Surprise strike paralyses Nepal
Only 30 days are left for the framing of Nepal`s new Constitution.
Kathmandu: With only 30 days left for the framing of the country`s new Constitution, nine ethnic and indigenous groups on Wednesday enforced a surprise strike in Nepal, paralysing Kathmandu valley and outer districts and leaving thousands of people in the lurch.
Tales of violence began to pour in with protesters vandalising nearly two dozen vehicles while schools, shops and businesses mostly remained closed.
The Tamsaling United Struggle Committee, an ethnic organisation of Tamangs, a Buddhist people who are among the most disadvantaged and the biggest prey of traffickers, and the Newa Autonomous State Cooperative Struggle Committee, an organisation of Newars, the original inhabitants of Kathmandu valley, enforced the general strike after talks with the government broke down on Tuesday.
Nearly 17 ethnic and adivasi communities are members of the two organisations, who are demanding a guarantee from the Jhala Nath Khanal government that the Constitution would be enforced May 28, as per schedule, and that it will pave the way for autonomous federal states.
The protesters walked out of the negotiations called by the Maoist-led Peace Ministry on Tuesday alleging that none of the top political party leaders had turned up and refusing to hold talks with aides.
Capital city Kathmandu, despite the large presence of security forces, was badly hit by the strike call with public transport disappearing from the roads and shops on main thoroughfares remaining closed after protesters flexed their muscle.
Besides Kathmandu`s neighbouring cities Lalitpur and Bhaktapur, 10 more districts in central and eastern Nepal, where the groups have their strongholds, remained crippled.
Parts of western Nepal also faced a shutdown due to a strike called by a Tharu organisation.
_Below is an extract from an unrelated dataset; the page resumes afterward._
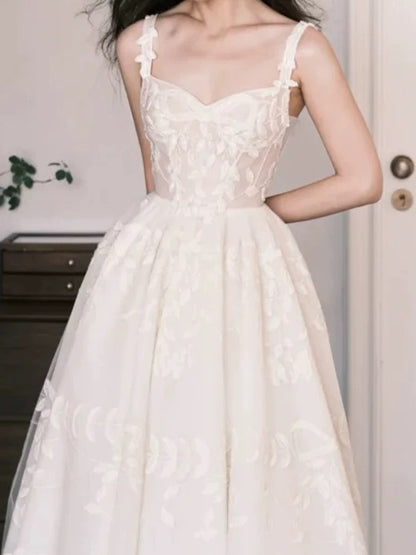 Robes de mariée simples Robe de bal Bustier Cœur Dentelle Blanche Longueur Cheville Robe de mariée de jardin d'été N4125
The Tharus, an indigenous community, have been demanding a Tharu state in the southern plains.
The strike comes in the midst of a tourism campaign started by the government this year to attract one million air-borne tourists.
On the eve of the Nepal Tourism Year 2011 campaign, all the major parties had pledged not to call any general strikes in 2011 to boost the campaign, a promise that has been broken repeatedly.